Records from a data collection:
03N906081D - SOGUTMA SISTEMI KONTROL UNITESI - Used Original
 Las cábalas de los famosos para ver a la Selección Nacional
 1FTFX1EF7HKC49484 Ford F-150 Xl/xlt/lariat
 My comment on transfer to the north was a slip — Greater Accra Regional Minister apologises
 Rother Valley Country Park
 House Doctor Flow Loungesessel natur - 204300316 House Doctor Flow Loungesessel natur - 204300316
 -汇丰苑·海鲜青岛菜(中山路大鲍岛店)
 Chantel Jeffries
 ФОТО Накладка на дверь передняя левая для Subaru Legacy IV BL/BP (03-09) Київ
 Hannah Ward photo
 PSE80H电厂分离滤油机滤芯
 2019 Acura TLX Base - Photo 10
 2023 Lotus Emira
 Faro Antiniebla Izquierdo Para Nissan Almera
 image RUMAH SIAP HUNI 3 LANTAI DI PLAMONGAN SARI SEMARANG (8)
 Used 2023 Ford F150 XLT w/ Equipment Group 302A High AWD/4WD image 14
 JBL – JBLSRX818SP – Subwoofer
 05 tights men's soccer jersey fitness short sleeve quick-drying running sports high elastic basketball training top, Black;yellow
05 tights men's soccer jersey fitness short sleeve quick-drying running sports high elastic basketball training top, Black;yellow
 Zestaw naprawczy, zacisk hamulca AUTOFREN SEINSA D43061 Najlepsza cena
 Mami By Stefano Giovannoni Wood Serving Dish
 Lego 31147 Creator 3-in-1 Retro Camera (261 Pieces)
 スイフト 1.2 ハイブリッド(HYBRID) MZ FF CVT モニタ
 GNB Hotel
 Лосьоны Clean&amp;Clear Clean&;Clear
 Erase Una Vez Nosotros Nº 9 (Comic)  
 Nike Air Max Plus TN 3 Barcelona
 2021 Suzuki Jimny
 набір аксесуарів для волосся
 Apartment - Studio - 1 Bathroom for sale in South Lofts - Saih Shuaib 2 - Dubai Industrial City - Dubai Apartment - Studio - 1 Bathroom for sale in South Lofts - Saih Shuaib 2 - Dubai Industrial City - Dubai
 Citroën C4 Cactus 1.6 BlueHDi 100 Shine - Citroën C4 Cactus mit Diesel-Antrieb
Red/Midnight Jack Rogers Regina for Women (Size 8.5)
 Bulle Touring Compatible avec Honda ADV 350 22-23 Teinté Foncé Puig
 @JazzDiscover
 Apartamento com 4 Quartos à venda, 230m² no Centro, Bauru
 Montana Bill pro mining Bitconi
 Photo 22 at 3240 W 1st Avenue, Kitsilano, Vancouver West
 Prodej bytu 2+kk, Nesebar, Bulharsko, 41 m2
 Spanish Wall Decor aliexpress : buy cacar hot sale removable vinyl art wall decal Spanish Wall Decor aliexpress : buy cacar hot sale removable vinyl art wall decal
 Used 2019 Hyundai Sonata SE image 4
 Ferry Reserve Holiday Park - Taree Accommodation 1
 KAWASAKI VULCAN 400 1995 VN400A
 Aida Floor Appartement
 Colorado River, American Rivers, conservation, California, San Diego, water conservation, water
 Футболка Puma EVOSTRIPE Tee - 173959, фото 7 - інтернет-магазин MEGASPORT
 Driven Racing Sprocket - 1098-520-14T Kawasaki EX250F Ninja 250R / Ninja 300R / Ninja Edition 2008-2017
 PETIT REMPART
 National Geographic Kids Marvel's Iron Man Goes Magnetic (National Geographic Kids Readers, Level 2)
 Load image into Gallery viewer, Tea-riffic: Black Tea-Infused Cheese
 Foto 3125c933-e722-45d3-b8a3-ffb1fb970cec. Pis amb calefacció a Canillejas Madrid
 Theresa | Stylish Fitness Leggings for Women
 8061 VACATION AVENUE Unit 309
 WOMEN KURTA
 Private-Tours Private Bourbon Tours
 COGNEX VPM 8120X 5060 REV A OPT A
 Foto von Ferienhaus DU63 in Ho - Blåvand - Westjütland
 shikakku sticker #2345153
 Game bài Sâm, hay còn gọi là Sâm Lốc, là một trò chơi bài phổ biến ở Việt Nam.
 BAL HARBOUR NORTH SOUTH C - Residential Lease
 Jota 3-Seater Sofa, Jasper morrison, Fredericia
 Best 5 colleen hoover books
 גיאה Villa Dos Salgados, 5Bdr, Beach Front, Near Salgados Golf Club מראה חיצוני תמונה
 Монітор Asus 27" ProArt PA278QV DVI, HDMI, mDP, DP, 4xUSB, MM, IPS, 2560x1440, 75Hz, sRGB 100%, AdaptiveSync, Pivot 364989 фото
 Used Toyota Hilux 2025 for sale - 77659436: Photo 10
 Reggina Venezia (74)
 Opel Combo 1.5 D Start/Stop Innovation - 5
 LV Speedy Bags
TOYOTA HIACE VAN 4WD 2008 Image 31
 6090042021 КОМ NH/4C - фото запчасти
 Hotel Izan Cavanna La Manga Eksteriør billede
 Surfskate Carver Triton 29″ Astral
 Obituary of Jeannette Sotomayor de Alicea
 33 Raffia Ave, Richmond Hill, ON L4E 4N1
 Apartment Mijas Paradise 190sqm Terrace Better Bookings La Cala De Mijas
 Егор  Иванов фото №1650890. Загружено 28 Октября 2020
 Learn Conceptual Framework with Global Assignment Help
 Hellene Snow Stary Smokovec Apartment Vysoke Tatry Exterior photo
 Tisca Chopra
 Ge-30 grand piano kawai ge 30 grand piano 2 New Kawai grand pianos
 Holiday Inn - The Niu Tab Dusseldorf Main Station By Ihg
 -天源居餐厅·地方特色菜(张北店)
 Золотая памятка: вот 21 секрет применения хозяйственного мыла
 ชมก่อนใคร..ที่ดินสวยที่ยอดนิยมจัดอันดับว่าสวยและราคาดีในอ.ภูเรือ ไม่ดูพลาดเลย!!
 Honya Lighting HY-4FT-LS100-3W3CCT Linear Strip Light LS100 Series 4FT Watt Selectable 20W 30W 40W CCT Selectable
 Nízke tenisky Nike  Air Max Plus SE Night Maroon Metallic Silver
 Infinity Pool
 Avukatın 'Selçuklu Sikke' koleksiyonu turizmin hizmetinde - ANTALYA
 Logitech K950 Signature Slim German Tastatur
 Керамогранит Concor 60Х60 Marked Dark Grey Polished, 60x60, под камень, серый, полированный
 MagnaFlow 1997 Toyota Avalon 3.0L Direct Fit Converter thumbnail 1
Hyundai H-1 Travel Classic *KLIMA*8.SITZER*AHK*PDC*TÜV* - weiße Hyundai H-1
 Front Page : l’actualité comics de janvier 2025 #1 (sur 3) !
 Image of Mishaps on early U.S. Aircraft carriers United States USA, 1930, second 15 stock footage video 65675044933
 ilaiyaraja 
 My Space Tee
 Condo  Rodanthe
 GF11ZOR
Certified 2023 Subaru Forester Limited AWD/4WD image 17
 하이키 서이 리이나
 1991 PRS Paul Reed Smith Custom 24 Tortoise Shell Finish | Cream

THE PROBLEM ::
Please reproduce, exactly as they appear above, the lines from the line containing "Logitech K950 Signature Slim German Tastatur" up to and including the line containing "Image of Mishaps".

REPLY ::
 Logitech K950 Signature Slim German Tastatur
 Керамогранит Concor 60Х60 Marked Dark Grey Polished, 60x60, под камень, серый, полированный
 MagnaFlow 1997 Toyota Avalon 3.0L Direct Fit Converter thumbnail 1
Hyundai H-1 Travel Classic *KLIMA*8.SITZER*AHK*PDC*TÜV* - weiße Hyundai H-1
 Front Page : l’actualité comics de janvier 2025 #1 (sur 3) !
 Image of Mishaps on early U.S. Aircraft carriers United States USA, 1930, second 15 stock footage video 65675044933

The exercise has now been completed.